Julian Raphael was a Wellington music phenomenon, and then he wasn't.
When I returned to Wellington to work in 2005, I quickly became aware of the crowds Raphael was drawing to the central city's Wesley Methodist Church Hall every Wednesday evening, with the Wellington Community Choir.
People were coming in their hundreds to sing gospel, folk, African songs - no music, no auditions - led by this larger-than-life character with the booming bass baritone, flowing dreadlocks and sometimes a guitar, or drums.
There was a time, it is said, when (if you were in the know) you couldn't walk down a central Wellington street without bumping into someone who was part of this Raphael-led, grass-roots music revolution.
I would've joined it myself, had it not been for my hours - working nights on RNZ National - but I kept an eye out and an ear on Raphael's musical ventures. Not just with the Community Choir, but also singing workshops and his male-voice chorus, MaleVocale.
His all-embracing approach and enthusiasm was a model when I decided to set up my own choir, given my work hours precluded me from joining anyone else's.
But then, a few years back, Raphael had gone.
I wasn't sure where, until I bumped into him at the 2023 WOMAD Festival in New Plymouth.
It turned out he and his partner had moved to Taranaki to do pretty much what they'd been doing in the capital city.
This year, while at WOMAD Taranaki, I took time out from the festival to catch up with Raphael and find out more about his new life out west.
Like me, he'd got to know New Plymouth through regular visits to its annual world festival of music and dance.
He likes the fact that Taranaki is a little out of the way; "you have to make an effort" to get to it.
Raphael also noticed New Plymouth didn't have an all-comers choir. The city was ripe for his choral credo: "if you can get in the door, you've passed the audition".
Raphael's New Plymouth Community Choir is called the Taranaki Singing Venture, or TSV for short - not to be confused with another Taranaki-based financial institution.
The venture is imbued with Raphael's approach to music: a love of people, a love of teaching, and belief that music is an activity for everyone, not just those who can really excel.
He hasn't stopped with the TSV. Raphael's Taranaki adventures also include a new male choir, teaching drumming, "table singing" (we'll come to that in a moment), and teaching guitar.
Raphael's Taranaki male choir is called the Taranaki Song Men
He was keen to continue his love of male-voice singing, something which he really treasured during his time in Wellington.
What was it about male-voice choirs?
"As a man you would probably would clock this, but there's something very special about the sound of men singing together in a harmonic and collaborative manner that is just really a very unique sound."

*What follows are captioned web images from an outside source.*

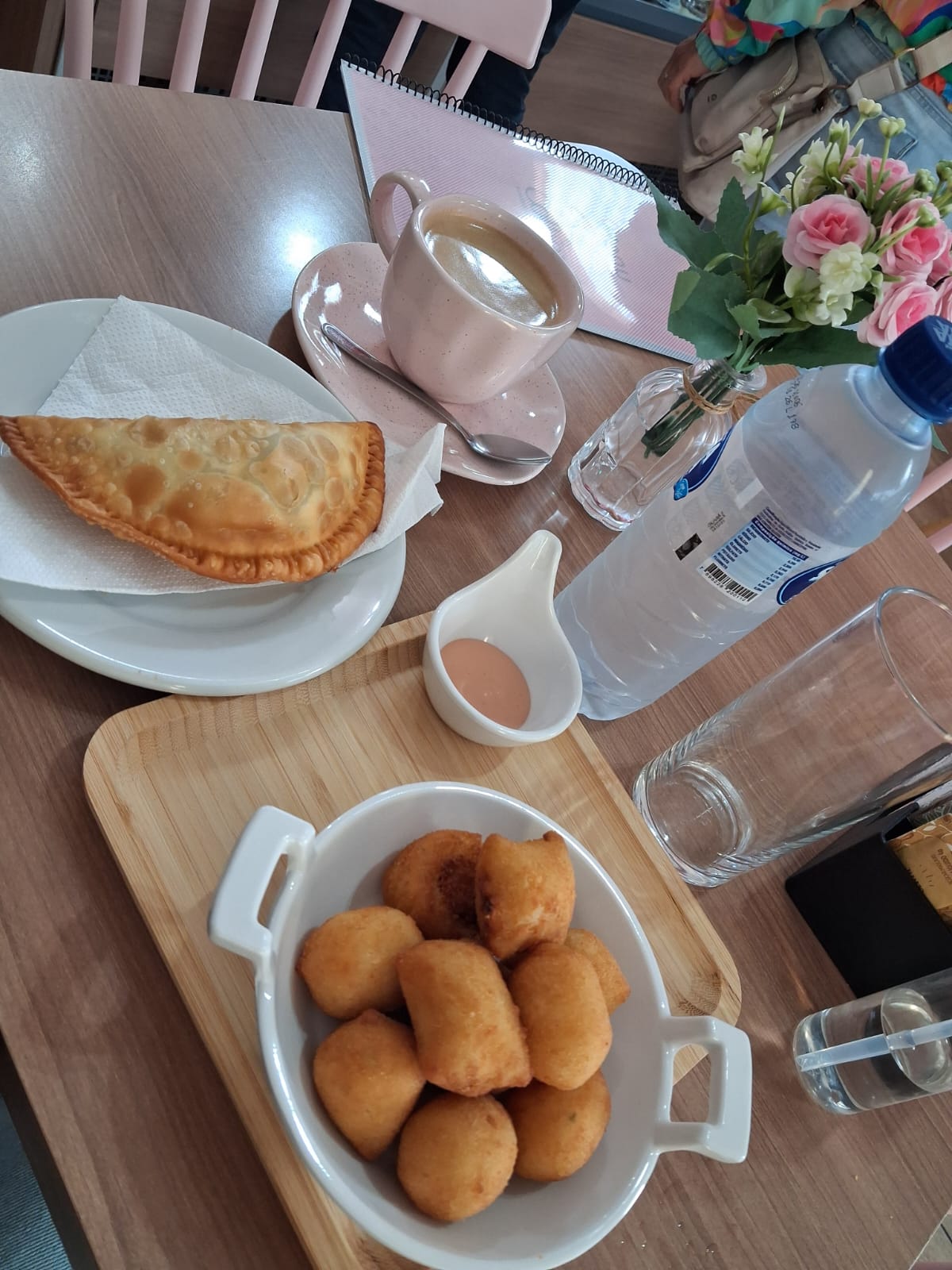 A Colher Confeitaria Artesanal e Cafeteria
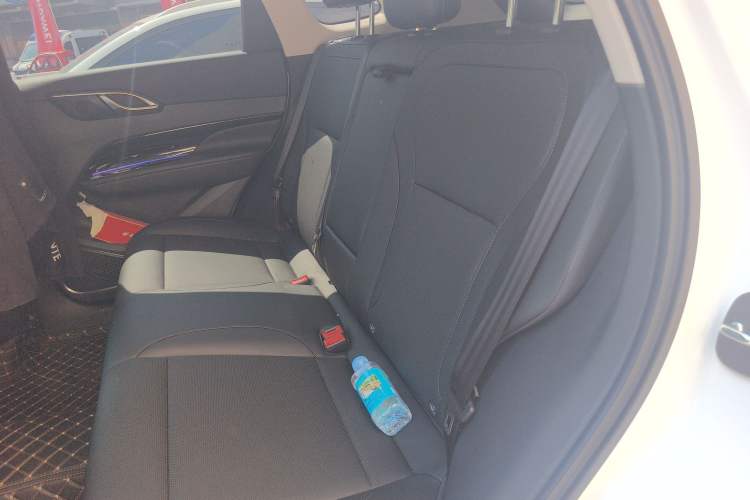 Used Hongqi HS3 PHEV 2025 Model PHEV 117km Jingwei PLUS Edition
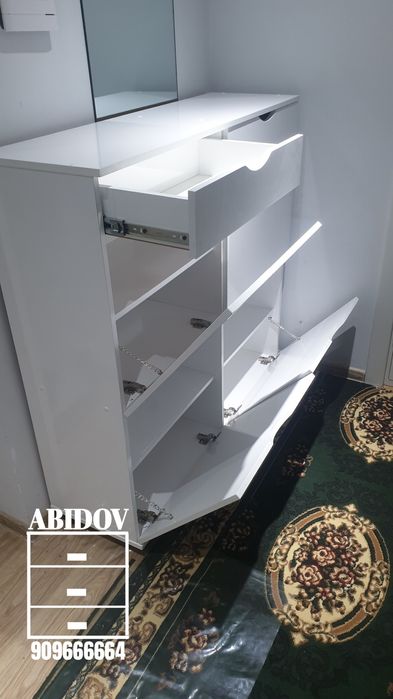 Обувной шкаф в стиле hi-tech по доступной цене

"I like the fact that men can sing in a really strong way but they can also sing very gently. I'm a real fan of the [Australian group] Spooky Men's Chorale. I love the fact that there's a group of guys that in a sense, sings in a way that sort of shows them up, that's extremely funny and unique."
"Well, smart men know the way to a woman's heart is to make her laugh," I suggest.

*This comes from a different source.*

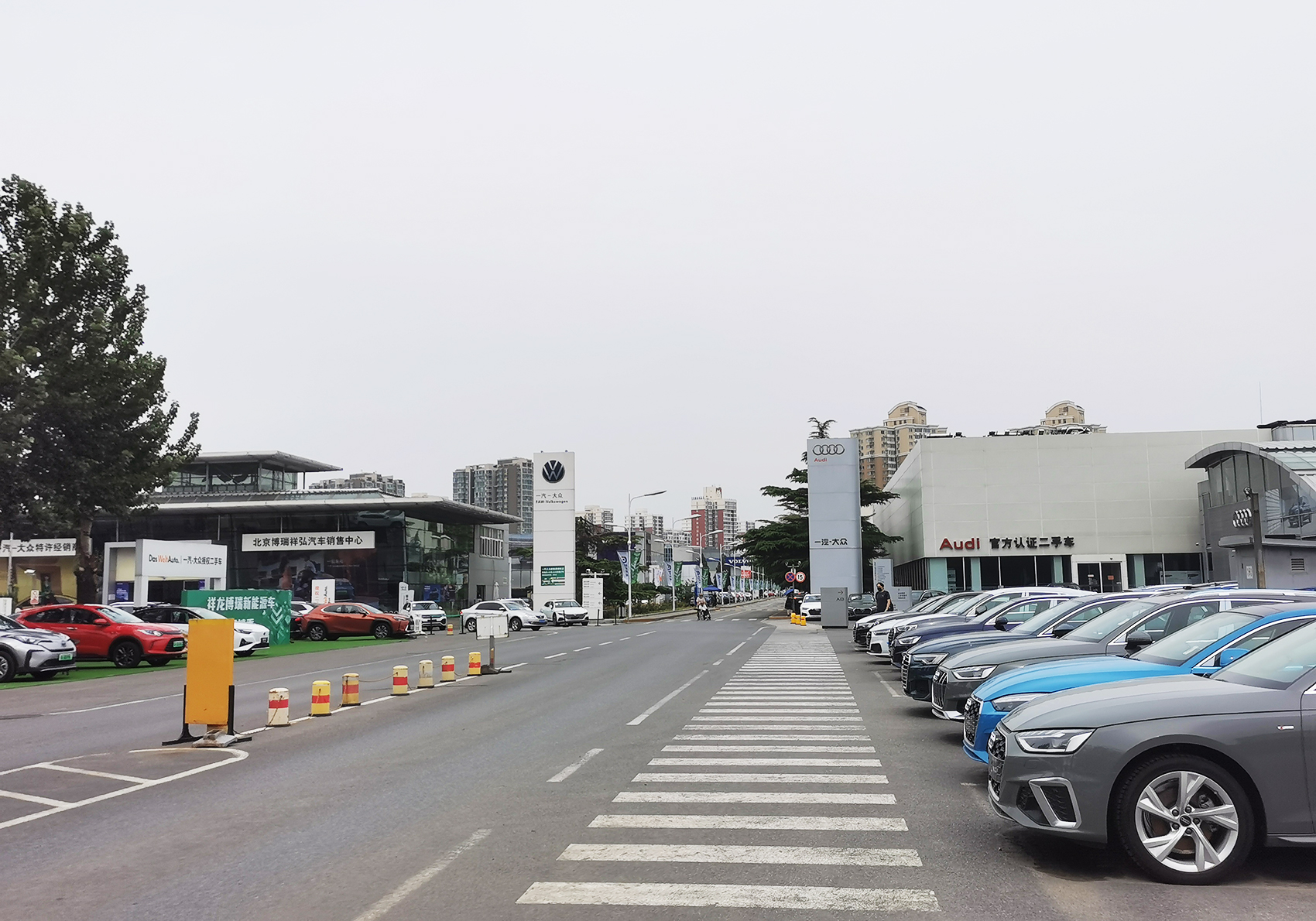 每经原创-Q-汽车-汽车4S店园区(每经记者、李星、摄).jpg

"And to make some sounds that make her go gooey," Raphael adds.
At the moment, Raphael's focusing on reviving old Kiwi work songs, from the bush, from the farm, from the sea.

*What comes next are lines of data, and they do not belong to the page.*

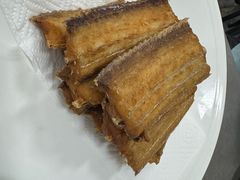 干煎带鱼-沪依小酒馆心意菜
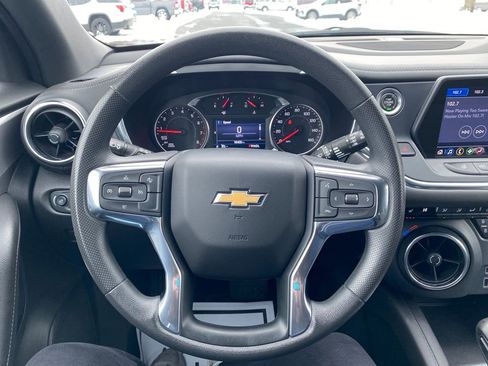 Used 2022 Chevrolet Blazer LT image 28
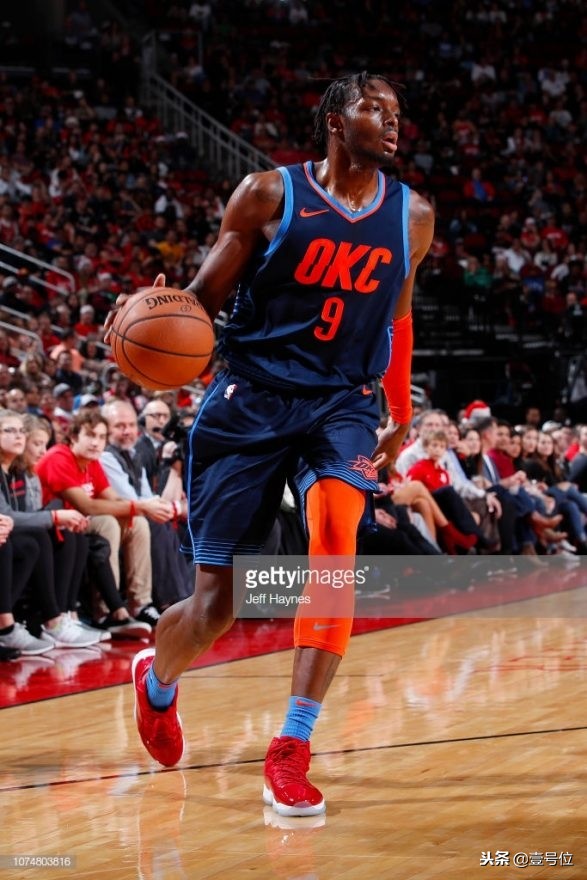 圣诞大战球鞋上脚,2010圣诞大战科比上脚球鞋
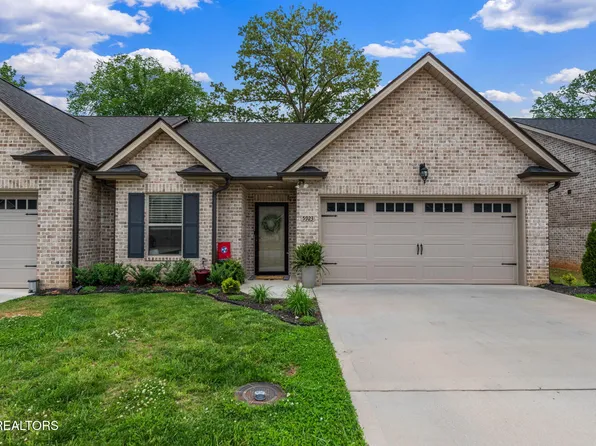 5923 Knox Hill Way, Knoxville, TN 37912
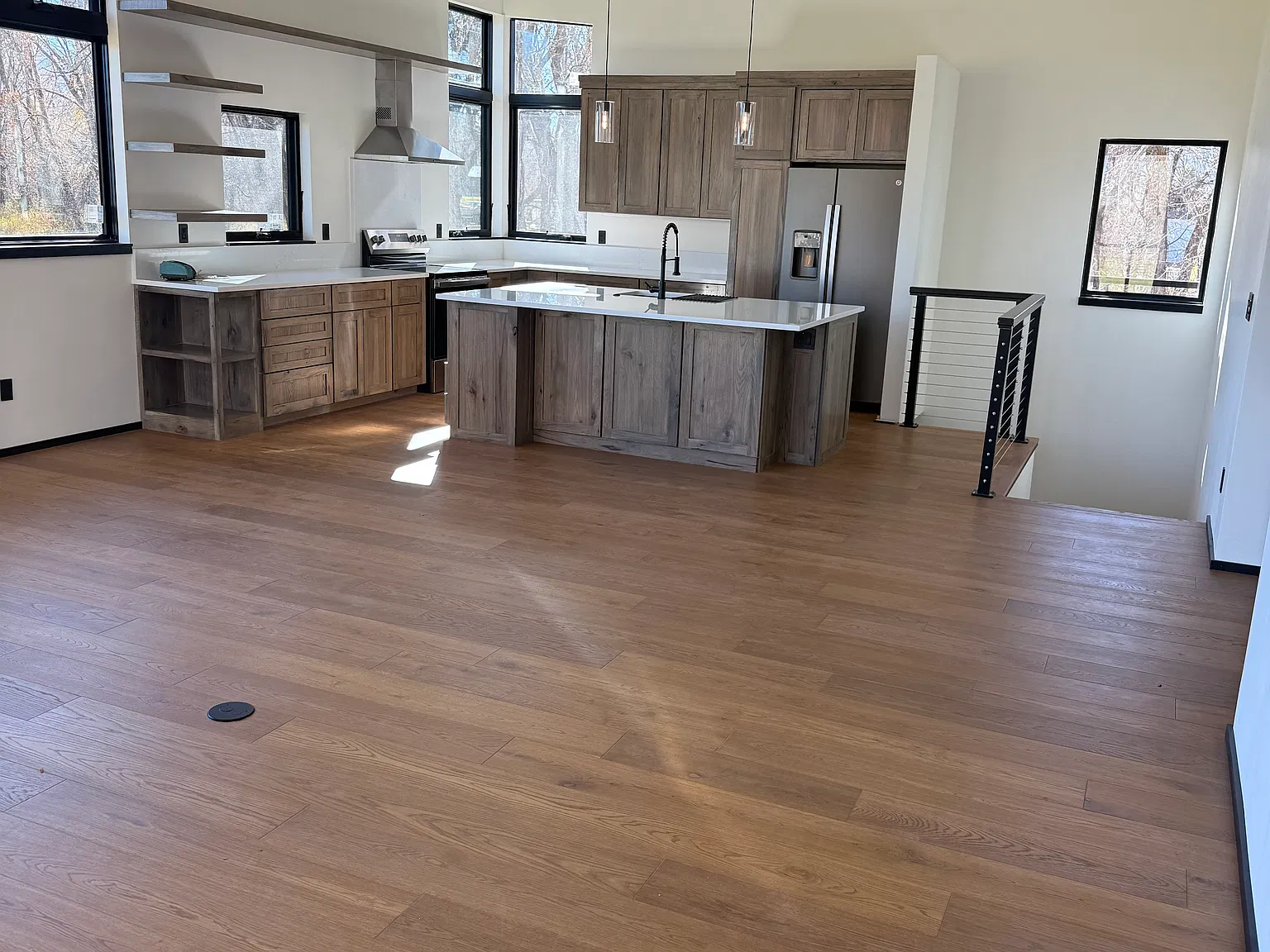 5812 S500W — Photo 4
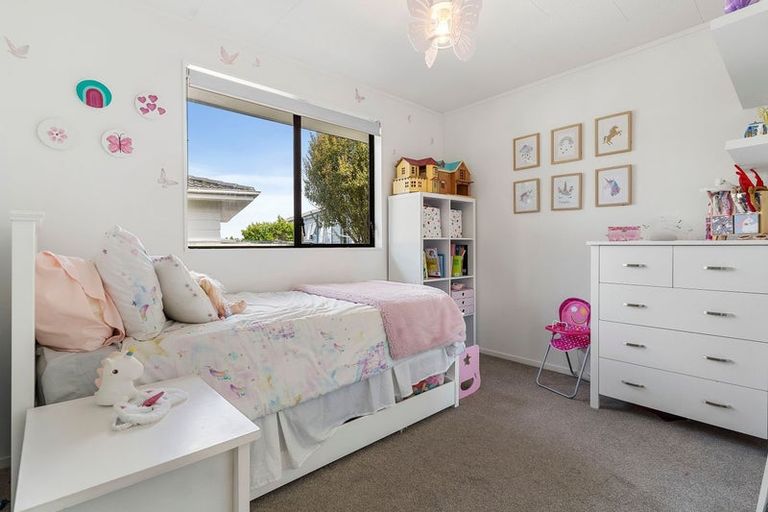 Photo of property in 2/63a Colwill Road, Massey, Auckland, 0614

"'Cos here we are, a bunch of Taranaki guys and let's sing some songs about our country."
As for the table singing, that's an idea that comes from Raphael's love of Eastern European and Occitan acapella singing.
Like me, Raphael was blown away at WOMAD 2023 by the Occitan group, San Salvador.
Raphael went along to the group's workshop, and came away with a few ideas for a group of his own.
"I thought, wouldn't it be great to have six or seven voices who are really flexible ... to do this sort of music. We got some trestle tables and we decked them out like a feast ... and we were drinking out of goblets. We rehearse around the table so we'll sing around a table, and it was just different. You don't have to stand up to sing."
So will Taranaki be Raphael's last musical base?
This is a man who's always travelled. He starting singing as a choir boy in Dunedin, moved to England with his parents, studied there, before moving to Wellington for the best part of a decade and a half.
Will Raphael feel the pull of another musical venture?
He can't rule out another move for him and his partner, but having just set up life in their own home he concluded "when I moved in, I thought, I'm not moving in again".
We can think of worse places to be stuck, and Wellington's loss is Taranaki's gain.